[Supplied material]
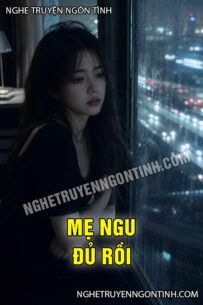 Mẹ Ngu Đủ Rồi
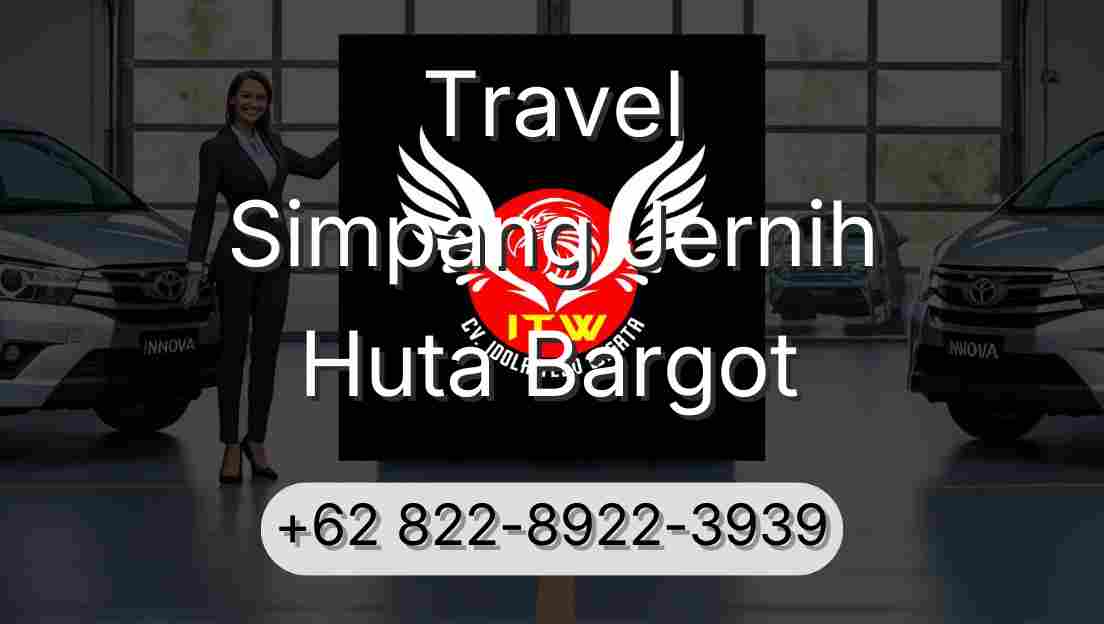 Travel Simpang Jernih Huta Bargot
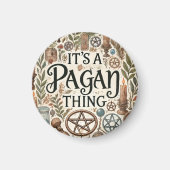 Het is een heidens ding - decoratieve magneet (Voorkant)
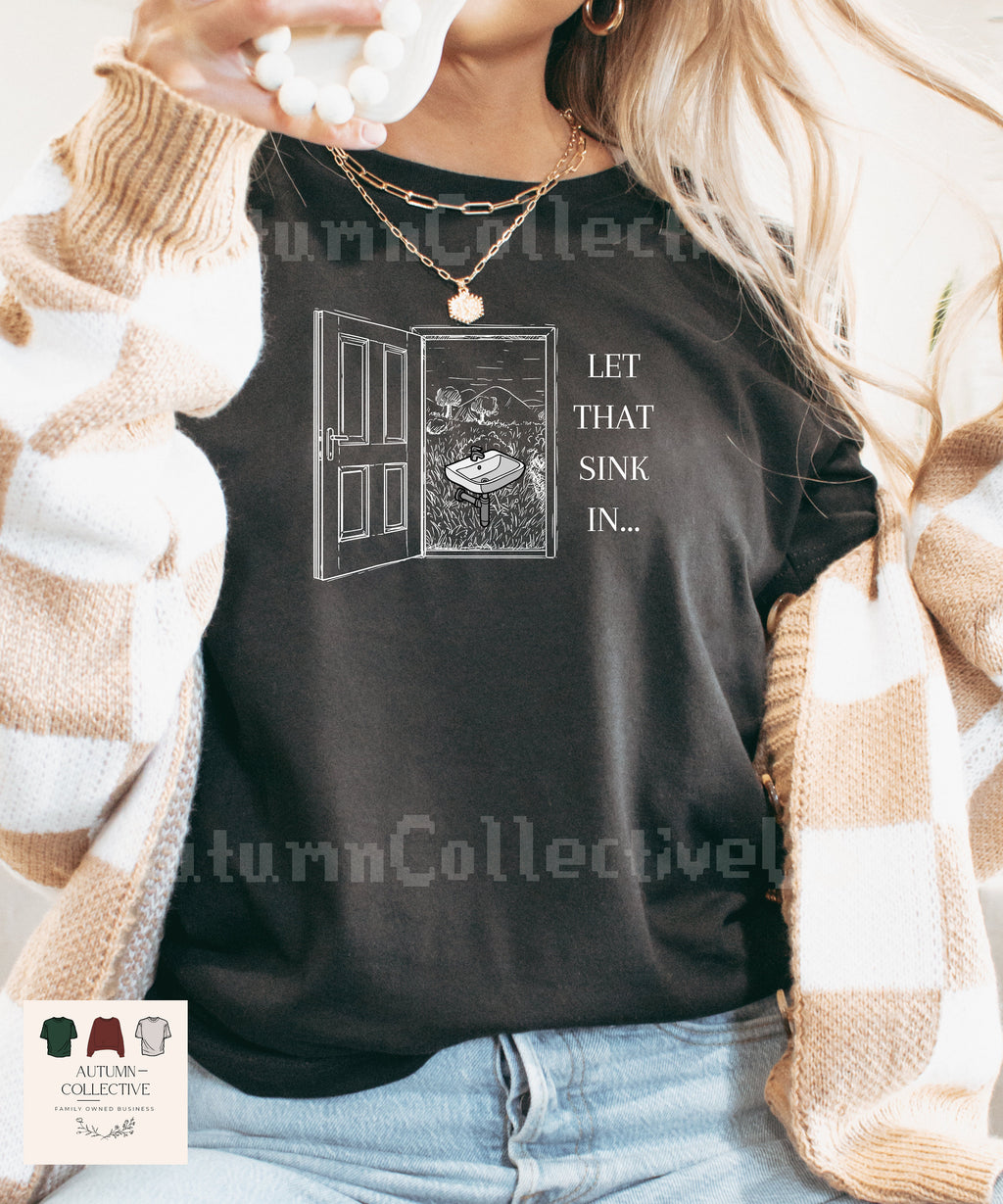 Let That Sink In Tee - Pop Culture Meme Shirt, Gift for Him or Her, Silly Gift, Unisex Graphic Tee, White Elephant, Funny Gifts, Xmas Tshirt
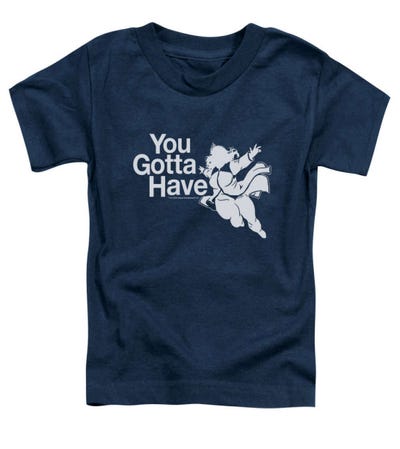 You Gotta Have Faith Toddler T-Shirt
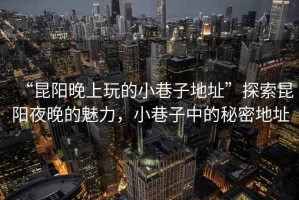 “昆陽晚上玩的小巷子地址”探索昆陽夜晚的魅力，小巷子中的秘密地址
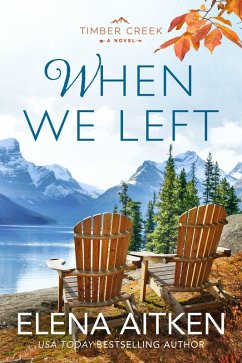 When We Left (Timber Creek Series, #1) (eBook, ePUB) - Aitken, Elena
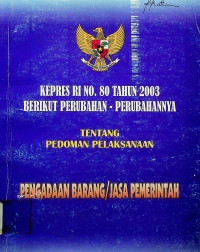 KEPRES RI NO. 80 TAHUN 2003 BERIKUT PERUBAHAN-PERUBAHANNYA TENTANG PEDOMAN PELAKSANAAN PENGADAAN BARANG/JASA PEMERINTAH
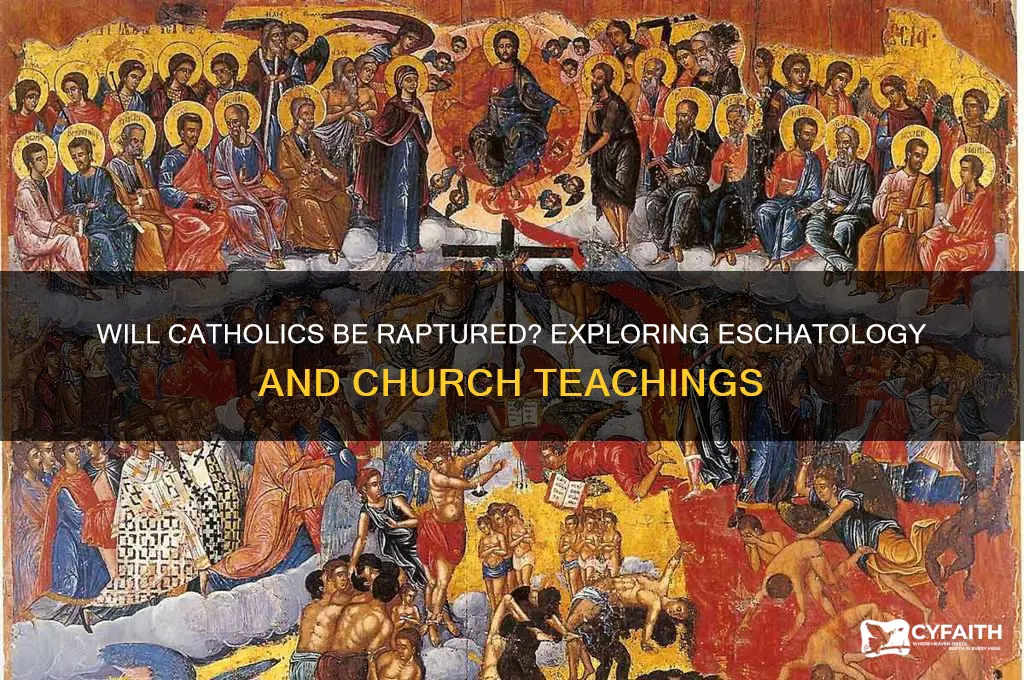 will catholics be raptured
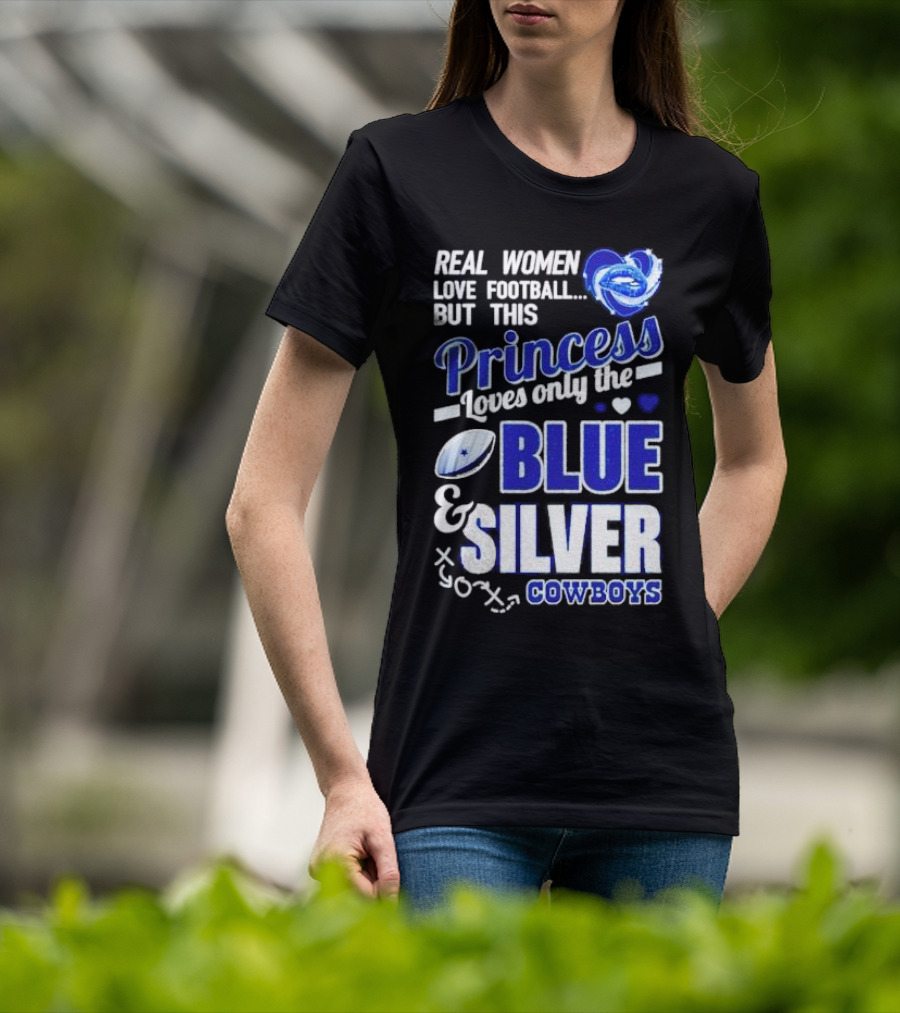 Real Women Love Football But This Princess Loves Only The Blue And Silver Cowboys T-Shirt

[Exercise prompt] Reproduce the complete set of records verbatim and omit the pictures.

[Answer to this exercise]
 Mẹ Ngu Đủ Rồi
 Travel Simpang Jernih Huta Bargot
 Het is een heidens ding - decoratieve magneet (Voorkant)
 Let That Sink In Tee - Pop Culture Meme Shirt, Gift for Him or Her, Silly Gift, Unisex Graphic Tee, White Elephant, Funny Gifts, Xmas Tshirt
 You Gotta Have Faith Toddler T-Shirt
 “昆陽晚上玩的小巷子地址”探索昆陽夜晚的魅力，小巷子中的秘密地址
 When We Left (Timber Creek Series, #1) (eBook, ePUB) - Aitken, Elena
 KEPRES RI NO. 80 TAHUN 2003 BERIKUT PERUBAHAN-PERUBAHANNYA TENTANG PEDOMAN PELAKSANAAN PENGADAAN BARANG/JASA PEMERINTAH
 will catholics be raptured
 Real Women Love Football But This Princess Loves Only The Blue And Silver Cowboys T-Shirt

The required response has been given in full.